Activity:
Once you reach the line with "Magic dairy farm", transcribe it and every line after it to the end of the records, exactly, but not the pictures.

=== Section Start ===

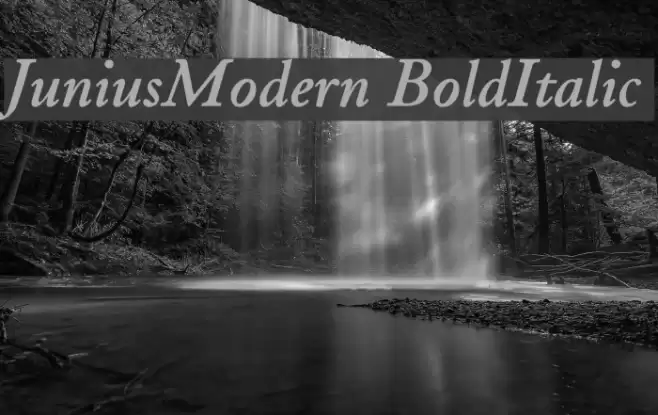 JuniusModern BoldItalic Font examples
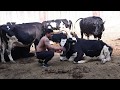 Magic dairy farm visit by lokesh rajput  mr universe fitness 2018 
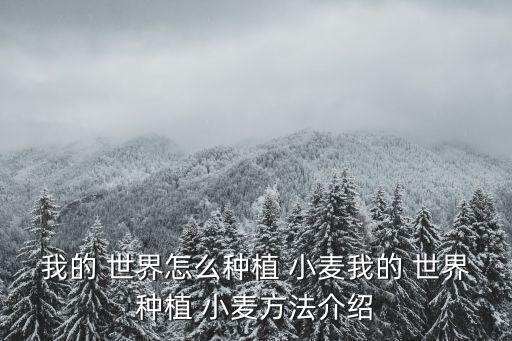 我的世界小麥,從骨灰到種子轉(zhuǎn)化為種子!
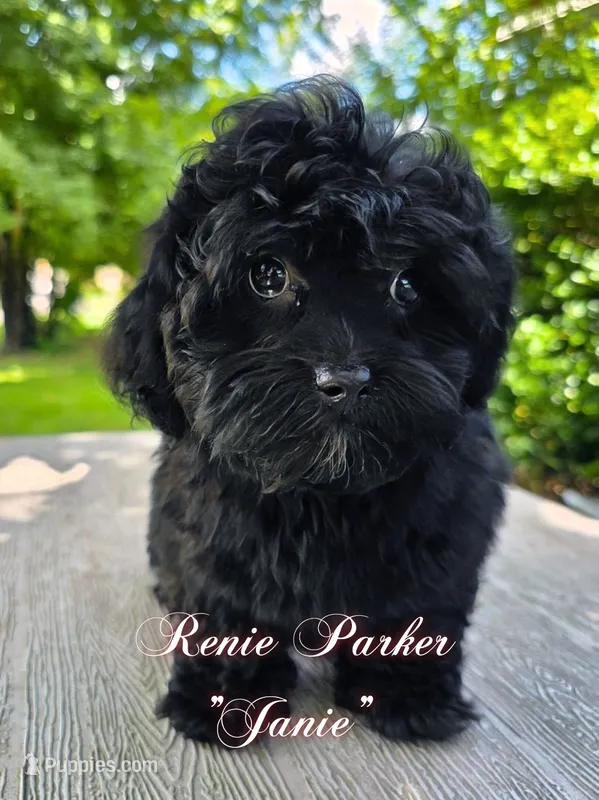 Janie – Maltipoo, Poodle - Toy  puppy for sale in Sevierville, TN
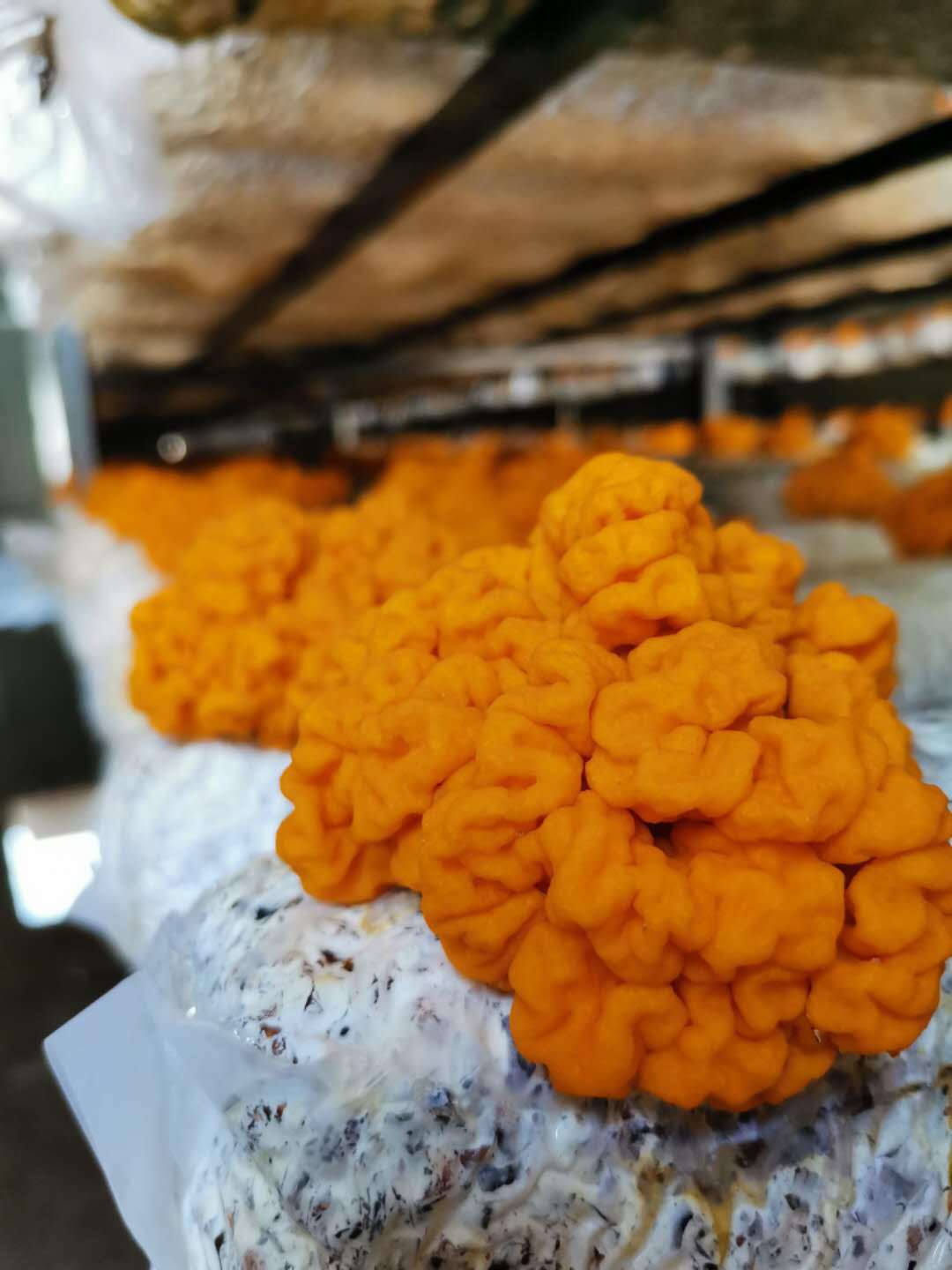 新鲜金耳菌福建古田特产黄金耳黄木耳银耳菌野生菌金耳脑耳黄耳脑500g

=== Section End ===

Result:
 Magic dairy farm visit by lokesh rajput  mr universe fitness 2018 
 我的世界小麥,從骨灰到種子轉(zhuǎn)化為種子!
 Janie – Maltipoo, Poodle - Toy  puppy for sale in Sevierville, TN
 新鲜金耳菌福建古田特产黄金耳黄木耳银耳菌野生菌金耳脑耳黄耳脑500g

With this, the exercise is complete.